Why did this change?

alan-baker added inline comments.Feb 10 2021, 11:12 AM
libclc/generic/lib/gen_convert.py
358 ↗(On Diff #322753)

I can revert this since I don't use the conversion builtins, but the code this generates is obviously wrong. y is being used in its own declaration. This leads to llvm generating undefs in the conversion functions.

Revert conversions change. Fix whitespace changes. Remove dead code.

tstellar added inline comments.Feb 10 2021, 11:25 AM
libclc/generic/lib/gen_convert.py
358 ↗(On Diff #322753)

Ok, this would make sense as a separate patch.

It'd be nice to add an explanation why this can't reuse the existing SPIR-V targets and needs to add a new one.
Does the new FMA implementation generate significantly worse code (EG/NI + mesa-spirv should be the only users) than the original? Should it just be replaced? I assume it passes the conformance suite.

libclc/CMakeLists.txt
289

this looks exactly like the default branch. why is a special case needed?

I apologize. The last couple patches were based off an older WIP branch. The target is meant to be named differently, hopefully that will clarify,

Fix diff to be based on the correct change.

alan-baker added a comment.EditedFeb 11 2021, 6:02 AM

It'd be nice to add an explanation why this can't reuse the existing SPIR-V targets and needs to add a new one.
Does the new FMA implementation generate significantly worse code (EG/NI + mesa-spirv should be the only users) than the original? Should it just be replaced? I assume it passes the conformance suite.

The FMA does pass conformance. I don't have performance numbers for the 64-bit version vs the uint2 version. It would be worse, but the whole software FMA is already awful performance. The 64-bit version is simpler to understand, so unless you have the same restrictions as I need for clspv, then I wouldn't adopt it.

Hopefully, the different target name will clarify the intent better. This is targeted for use with a cross compiler to Vulkan SPIR-V. The needs are different than the spir targets.

jvesely added a comment.EditedFeb 14 2021, 10:19 PM

The FMA does pass conformance. I don't have performance numbers for the 64-bit version vs the uint2 version. It would be worse, but the whole software FMA is already awful performance. The 64-bit version is simpler to understand, so unless you have the same restrictions as I need for clspv, then I wouldn't adopt it.

Hopefully, the different target name will clarify the intent better. This is targeted for use with a cross compiler to Vulkan SPIR-V. The needs are different than the spir targets.

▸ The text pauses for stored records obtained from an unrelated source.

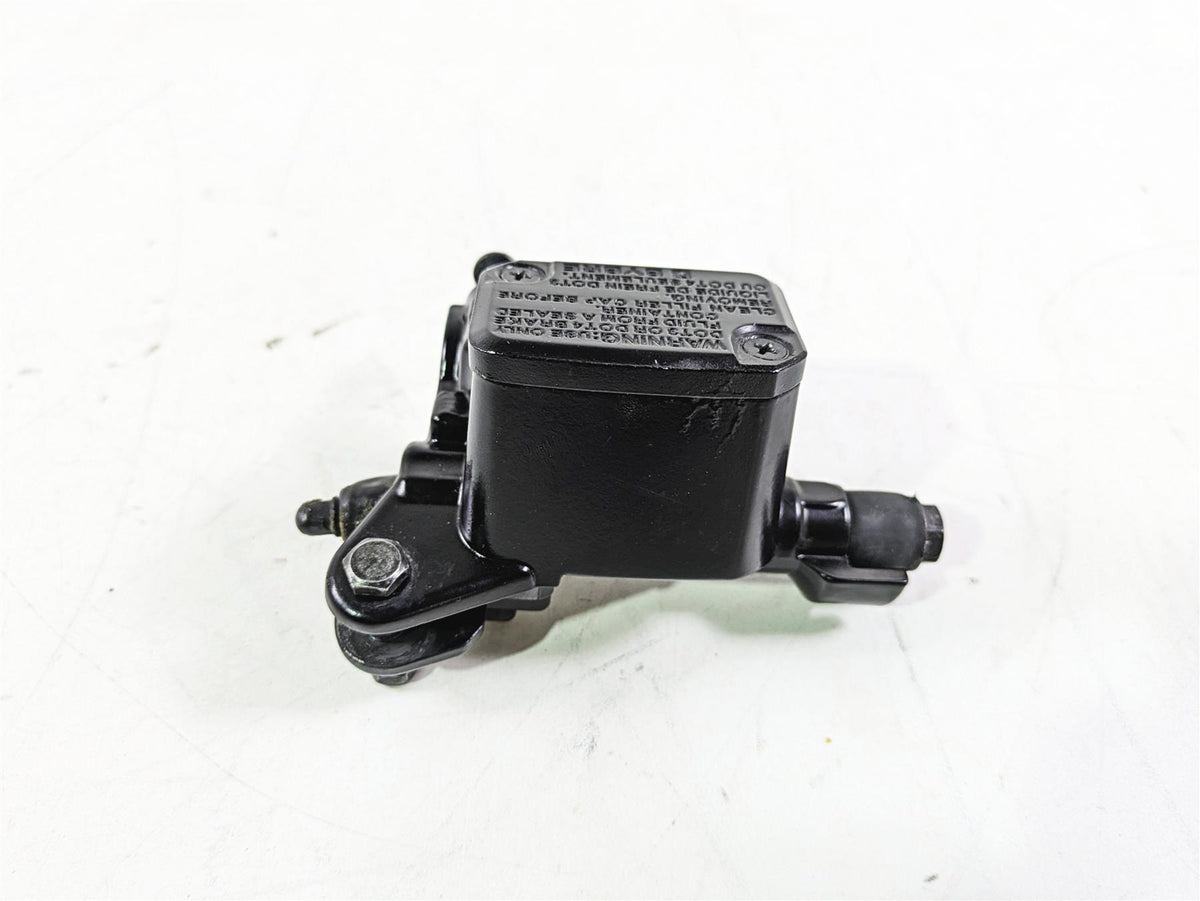 2023 BMW G310R K03 Front Brake Master Cylinder 32729457447 {{ shop.shopifyCountryName }} - Mototech271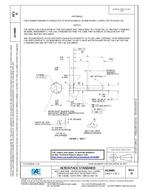 SAE AS9489D pdf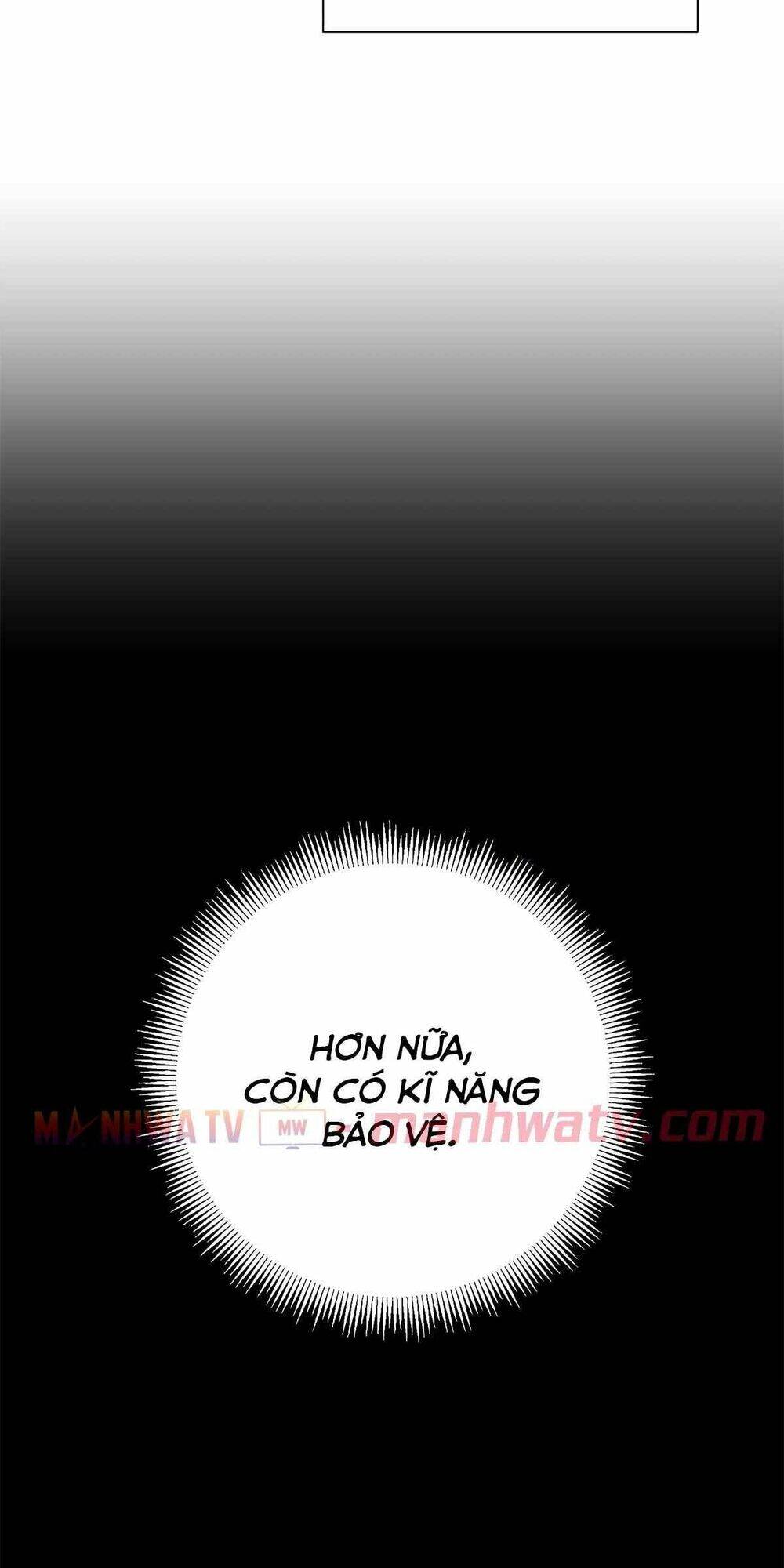 Cốt Binh Trở Lại [Chap 1-324]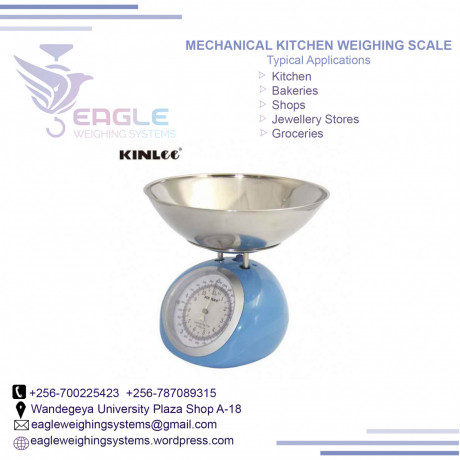 manual-kitchen-weighing-scales-in-mukono-big-0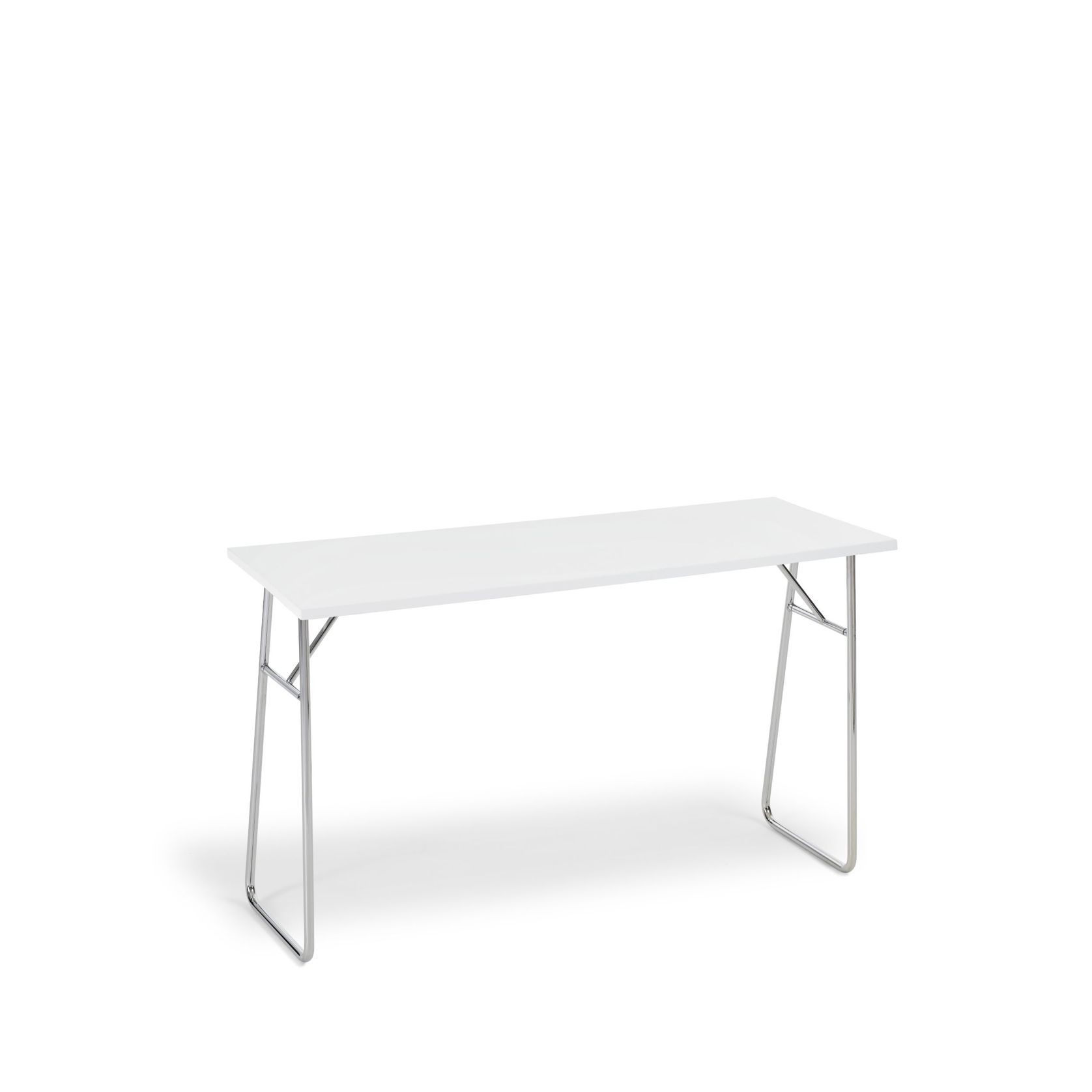 Offecct Lite by Broberg & Ridderstråle gallery detail image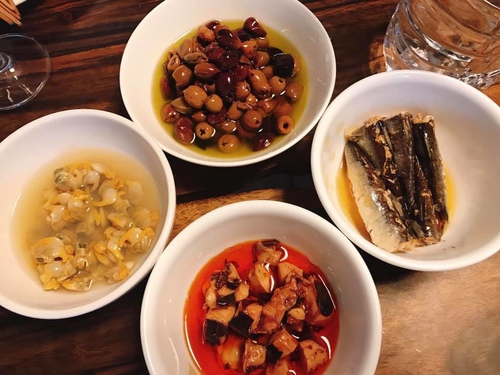 20190224 (28).jpg - 2019年品酒誌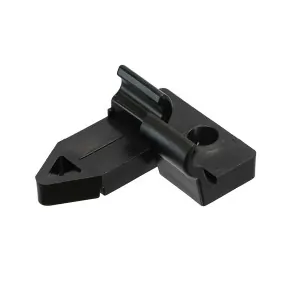Συνδετικό Clip για δάπεδο Thermo Ash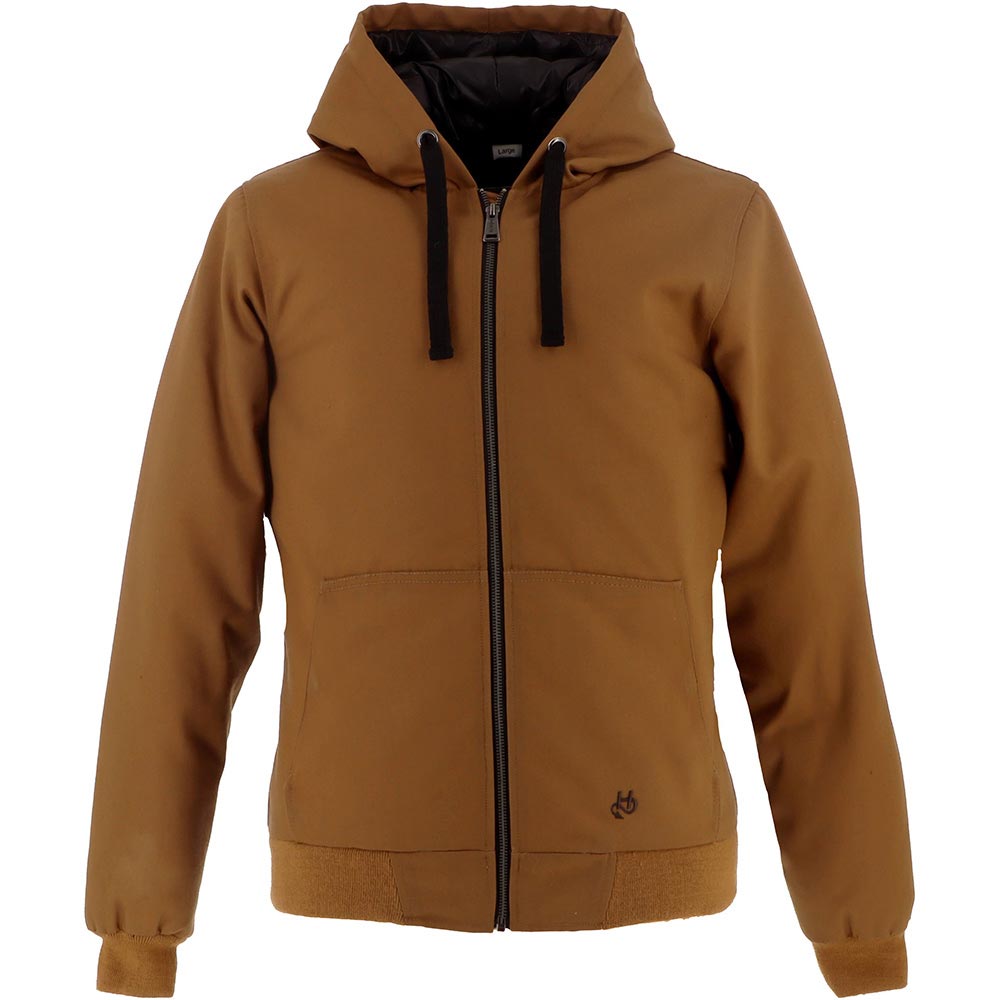Giacca Dakota Girl da donna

There are existing spirv and spirv64 targets. The new clspv target uses the same spir-- triple as the spirv target, but doesn't use the final spv conversion step and uses O3 optimization. The selection of files is mostly a subset of the existing spirv target.

The FMA does pass conformance. I don't have performance numbers for the 64-bit version vs the uint2 version. It would be worse, but the whole software FMA is already awful performance. The 64-bit version is simpler to understand, so unless you have the same restrictions as I need for clspv, then I wouldn't adopt it.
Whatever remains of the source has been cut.